What happens if, after the contract is awarded, E-Verify rejects so many workers that the contractor and the subs cannot perform and are in breach of the agreement?
Enter the age of government-stoked officious intermeddling. What’s likely to happen will be that federal contractors will take a lesson from large employers who increasingly are using their bargaining clout in a down economy to insert immigration-compliance cram-down provisions in their contracts with vendors and service providers. As Ted Chiappari and I discussed in a recent New York Law Journal article, “Minimizing Immigration Risks from Service Providers” (provided courtesy of IncisiveMedia, the copyright holder), the trend now is to require vendors and subs to allow the corporate customer to demand random immigration-compliance audits of the provider’s workforce conducted by an immigration lawyer or consultant with I-9 expertise.
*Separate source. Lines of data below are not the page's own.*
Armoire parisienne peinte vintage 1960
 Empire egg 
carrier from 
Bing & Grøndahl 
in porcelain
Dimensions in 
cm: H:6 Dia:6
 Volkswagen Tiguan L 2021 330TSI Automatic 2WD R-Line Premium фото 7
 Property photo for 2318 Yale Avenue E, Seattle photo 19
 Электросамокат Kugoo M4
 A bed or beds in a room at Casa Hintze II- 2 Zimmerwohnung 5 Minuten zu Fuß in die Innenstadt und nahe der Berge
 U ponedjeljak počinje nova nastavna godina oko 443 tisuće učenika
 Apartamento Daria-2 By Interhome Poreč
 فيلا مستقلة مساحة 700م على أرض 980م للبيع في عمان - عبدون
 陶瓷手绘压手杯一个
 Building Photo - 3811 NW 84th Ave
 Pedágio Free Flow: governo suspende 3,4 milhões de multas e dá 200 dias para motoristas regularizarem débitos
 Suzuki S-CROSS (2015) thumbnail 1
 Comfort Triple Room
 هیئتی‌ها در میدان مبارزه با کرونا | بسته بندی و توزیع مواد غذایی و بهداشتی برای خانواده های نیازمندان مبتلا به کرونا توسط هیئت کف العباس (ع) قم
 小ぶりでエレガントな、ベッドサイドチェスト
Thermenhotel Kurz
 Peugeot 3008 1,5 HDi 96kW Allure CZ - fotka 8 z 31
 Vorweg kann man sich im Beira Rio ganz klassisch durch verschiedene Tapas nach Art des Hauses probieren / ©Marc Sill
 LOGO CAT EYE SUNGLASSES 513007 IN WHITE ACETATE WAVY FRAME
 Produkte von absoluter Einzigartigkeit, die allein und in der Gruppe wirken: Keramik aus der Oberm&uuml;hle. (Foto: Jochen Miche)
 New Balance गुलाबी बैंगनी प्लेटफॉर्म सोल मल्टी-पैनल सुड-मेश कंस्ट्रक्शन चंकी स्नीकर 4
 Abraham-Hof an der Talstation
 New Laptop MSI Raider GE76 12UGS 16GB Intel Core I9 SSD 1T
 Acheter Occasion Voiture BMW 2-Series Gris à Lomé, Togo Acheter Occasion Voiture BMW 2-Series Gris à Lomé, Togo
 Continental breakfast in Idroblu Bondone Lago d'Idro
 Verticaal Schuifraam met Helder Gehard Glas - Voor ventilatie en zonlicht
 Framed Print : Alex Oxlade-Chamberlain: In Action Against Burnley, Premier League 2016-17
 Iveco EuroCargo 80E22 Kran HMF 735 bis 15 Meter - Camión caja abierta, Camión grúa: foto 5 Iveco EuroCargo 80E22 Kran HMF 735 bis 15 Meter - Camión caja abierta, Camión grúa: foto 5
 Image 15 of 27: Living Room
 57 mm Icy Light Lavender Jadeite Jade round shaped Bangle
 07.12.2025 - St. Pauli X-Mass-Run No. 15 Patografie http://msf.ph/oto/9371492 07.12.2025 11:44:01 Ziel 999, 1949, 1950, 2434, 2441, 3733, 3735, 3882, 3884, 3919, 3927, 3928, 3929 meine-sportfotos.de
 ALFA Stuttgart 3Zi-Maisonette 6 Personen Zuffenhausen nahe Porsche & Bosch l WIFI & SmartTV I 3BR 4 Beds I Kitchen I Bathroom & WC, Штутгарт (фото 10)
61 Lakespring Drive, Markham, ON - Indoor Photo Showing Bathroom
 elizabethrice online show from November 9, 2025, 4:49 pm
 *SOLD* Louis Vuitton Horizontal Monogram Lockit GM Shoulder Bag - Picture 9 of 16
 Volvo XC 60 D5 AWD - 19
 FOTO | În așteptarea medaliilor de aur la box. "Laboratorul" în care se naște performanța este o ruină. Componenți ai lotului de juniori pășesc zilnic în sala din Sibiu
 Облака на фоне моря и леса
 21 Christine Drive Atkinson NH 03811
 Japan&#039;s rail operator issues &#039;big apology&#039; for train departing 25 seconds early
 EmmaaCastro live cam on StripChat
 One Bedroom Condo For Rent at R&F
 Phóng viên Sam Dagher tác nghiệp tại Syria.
What happens next is all too foreseeable. Unauthorized workers will be outed. Contractors and subs will therefore fail to fulfill their federal contracts. The intended effects of the stimulus will be diminished or delayed. The economy will remain in the doldrums. Americans will suffer.
The better approach is to put FAR E-Verify ON ICE, and instead enact comprehensive immigration reform. Unauthorized workers with otherwise clean records will then be screened, required to pay fines and back taxes, given work permission and placed on a path to legal status. Federal contractors will perform without breach. And America’s economy will rebound, far sooner than if the Secretary’s Nanny-State proposal becomes the law of the land.